In the uplink, data from a data source 378 and control signals from the controller/processor 390 are provided to a transmit processor 380. The data source 378 may represent applications running in the UE 350 and various user interfaces (e.g., keyboard, pointing device, track wheel, and the like). Similar to the functionality described in connection with the downlink transmission by the node B 310, the transmit processor 380 provides various signal processing functions including CRC codes, coding and interleaving to facilitate FEC, mapping to signal constellations, spreading with OVSFs, and scrambling to produce a series of symbols. Channel estimates, derived by the channel processor 394 from a reference signal transmitted by the node B 310 or from feedback contained in the midamble transmitted by the node B 310, may be used to select the appropriate coding, modulation, spreading, and/or scrambling schemes. The symbols produced by the transmit processor 380 will be provided to a transmit frame processor 382 to create a frame structure. The transmit frame processor 382 creates this frame structure by multiplexing the symbols with a midamble 214 (FIG. 2) from the controller/processor 390, resulting in a series of frames. The frames are then provided to a transmitter 356, which provides various signal conditioning functions including amplification, filtering, and modulating the frames onto a carrier for uplink transmission over the wireless medium through the antenna 352.

The uplink transmission is processed at the node B 310 in a manner similar to that described in connection with the receiver function at the UE 350. A receiver 335 receives the uplink transmission through the smart antennas 334 and processes the transmission to recover the information modulated onto the carrier. The information recovered by the receiver 335 is provided to a receive frame processor 336, which parses each frame, and provides the midamble 214 (FIG. 2) to the channel processor 344 and the data, control, and reference signals to a receive processor 338. The receive processor 338 performs the inverse of the processing performed by the transmit processor 380 in the UE 350. The data and control signals carried by the successfully decoded frames may then be provided to a data sink 339 and the controller/processor 340, respectively. If some of the frames were unsuccessfully decoded by the receive processor 338, the controller/processor 340 may also use an acknowledgement (ACK) and/or negative acknowledgement (NACK) protocol to support retransmission requests for those frames.

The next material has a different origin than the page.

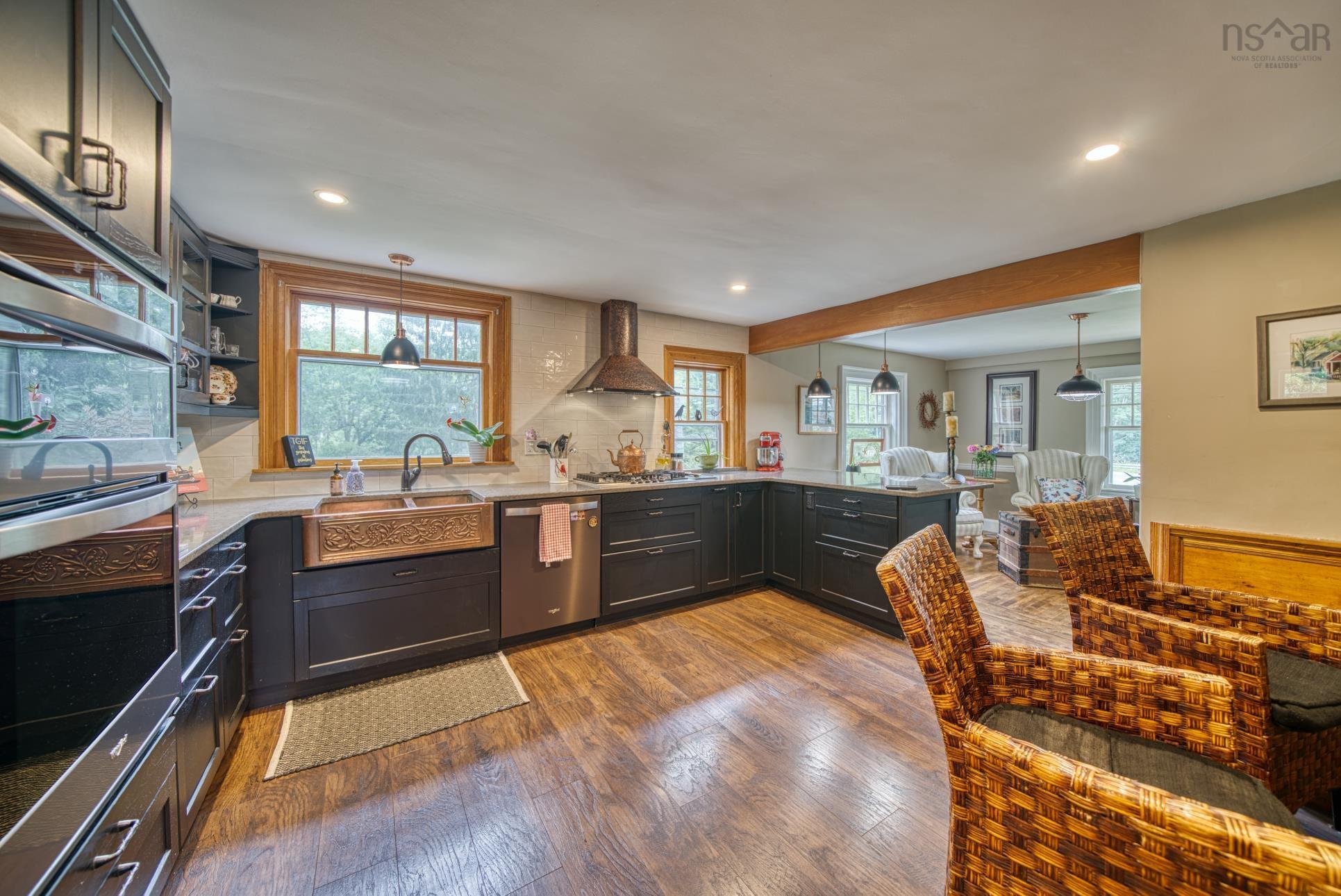 $950,000.00: 261 Edgewater Street, Mahone Bay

The controller/processors 340 and 390 may be used to direct the operation at the node B 310 and the UE 350, respectively. For example, the controller/processors 340 and 390 may provide various functions including timing, peripheral interfaces, voltage regulation, power management, and other control functions. The computer readable media of memories 342 and 392 may store data and software for the node B 310 and the UE 350, respectively. For example, the memory 392 of the UE 350 may store a gap generation module 391 that, when executed by the controller/processor 390, allows the UE 350 to generate idle intervals for the UE. A scheduler/processor 346 at the node B 310 may be used to allocate resources to the UEs and schedule downlink and/or uplink transmissions for the UEs, which may be used by the gap generation module 391, the controller/processor 390, the transmit processor 380, or the transmit frame processor 382 to generate gaps as described below.

In certain time-division wireless communication systems, frames are divided into sections which are allocated for various communication purposes. For example, in a TD-SCDMA system, a subframe 402 is divided as shown in FIG. 4. Time slots (TS) 0, 4, 5, and 6 are designated as downlink timeslots as indicated by the shading and down arrows of blocks 404, 412, 414, and 416. Time slots 1, 2, and 3 are designated as uplink timeslots as indicated by the horizontal lines and up arrows of blocks 406, 408, and 410.

In TD-SCDMA systems employing this frame structure, there is no compressed mode or similar mechanism defined to generate gaps for a UE to employ during inter-frequency or inter-radio access technology (inter-RAT) measurement when the UE is in CELL_DCH state, having been assigned a dedicated physical channel (DPCH). In order to perform inter-frequency or inter-RAT measurement the UE can only use the idle interval comprising unconfigured slots, namely the period in which slots are not allocated to the UE for either downlink (DL) or uplink (UL). In the case of the frame structure of FIG. 4, all slots have an assigned channel and the UE may not have an opportunity to perform inter-frequency or inter-RAT measurement.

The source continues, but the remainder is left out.